Architecture

Implementing Backpressure and Flow Control in High-Throughput Streaming Systems

Every streaming outage I have been paged for had the same shape: a producer kept producing, a consumer fell behind, and the gap between them silently turned into memory. By the time anyone looked at a dashboard, latency had already collapsed and the JVM was thirty seconds from an OutOfMemoryError. The fix is never “make the consumer faster” in the moment – it is to have already designed the system so that a slow consumer slows the producer, or sheds load deliberately, instead of buffering its way to death.

That mechanism is backpressure: the consumer’s ability to push its rate limit upstream so the whole pipeline self-throttles to the speed of its slowest stage. This article walks the concrete controls – bounded buffers, pull and credit-based protocols, Kafka pause/resume, token-bucket admission, and load shedding – and how to compose them across a multi-stage pipeline. The running assumption is that you already have a pipeline doing real work and now need it to survive a load spike or a downstream stall without falling over.

Why unbounded queues cause latency collapse and OOM

Start with the failure mode, because it explains every design decision that follows. An unbounded queue between a fast producer and a slow consumer is a latency time bomb governed by Little’s Law:

L = lambda * W

L is the mean number of items in the system, lambda is the arrival rate, and W is the mean time each item spends in the system. Rearranged, W = L / lambda. If your consumer drains at 1,000 msg/s and the queue is holding 500,000 messages, the newest message waits roughly 500 seconds before it is even looked at. The queue did not protect you – it converted a throughput deficit into an unbounded latency deficit, and added heap pressure on the way.

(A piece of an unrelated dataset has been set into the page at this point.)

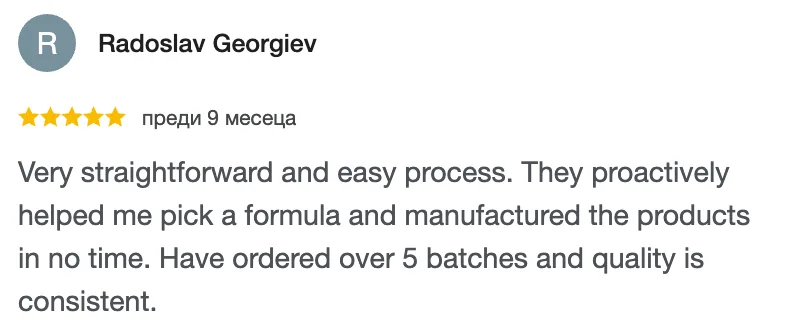 Отзив в Google от Radoslav Georgiev, 5 от 5 звезди: Very straightforward and easy process. They proactively helped me pick a formula and manufactured the products in no time. Have ordered over 5 batches and quality is consistent.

The core insight: a buffer cannot fix a sustained rate mismatch. If arrival_rate > service_rate on average, queue depth grows without bound and so does latency. A buffer only absorbs bursts – transient periods where arrival exceeds service – and only if the average over the window stays below service rate. Any buffer you size as “big enough to never fill” is a buffer you have not reasoned about.

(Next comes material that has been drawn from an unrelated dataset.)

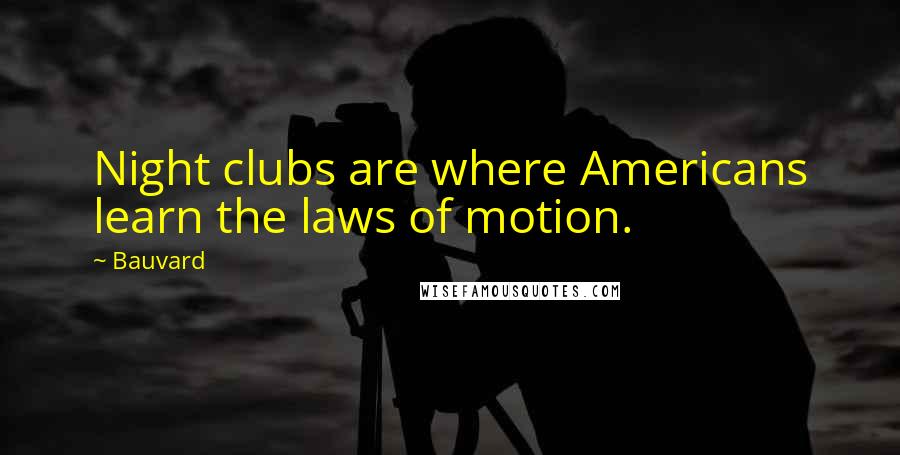 Bauvard Quotes: Night clubs are where Americans learn the laws of motion.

Two distinct things break. Latency collapses first, because every item now sits behind a growing backlog. Then memory follows, because each queued item holds a payload, and on the JVM, GC pause times climb with live-set size – which slows the consumer further, which grows the queue faster. That is the same positive-feedback loop that turns a retry into a retry storm, applied to queueing. Bounding the queue is what breaks the loop: a full bounded buffer forces a decision – block, drop, or shed – instead of silently consuming all available memory.

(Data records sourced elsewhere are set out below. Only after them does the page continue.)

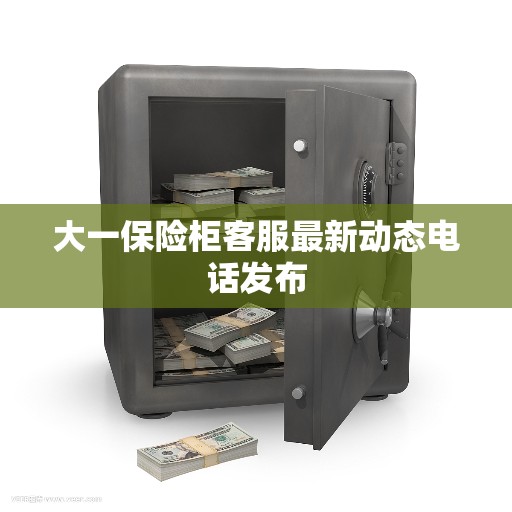大一保险柜客服最新动态电话发布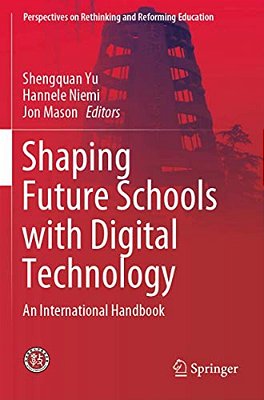 Shaping Future Schools With Digital Technology: An International Handbook-..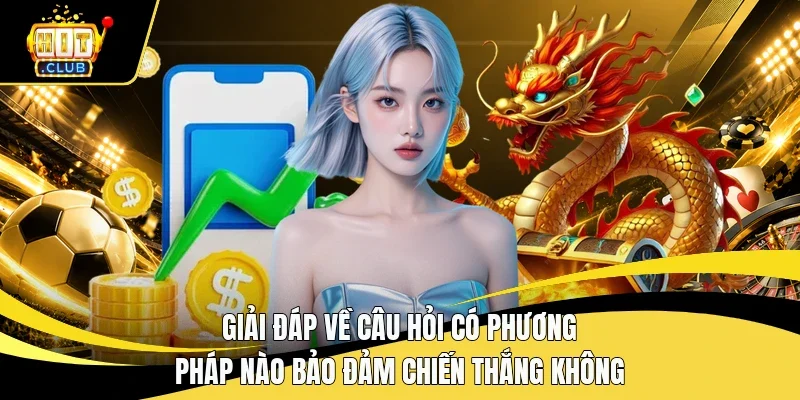 Giải đáp về câu hỏi “Có phương pháp nào bảo đảm chiến thắng không”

Step 1 – Backpressure models: pull, push-with-credit, reactive streams

There are three mechanisms to make a consumer’s rate visible to a producer. Pick deliberately; they have very different coupling and latency characteristics.

Pull-based. The consumer asks for the next item when it is ready. The producer cannot get ahead because nothing is delivered until requested. Kafka’s consumer is the canonical example – poll() fetches only when called, so a slow consumer simply polls less often and the broker holds the backlog on durable disk, not in your heap. Pull is the simplest correct model and the default you should reach for when the transport can buffer cheaply.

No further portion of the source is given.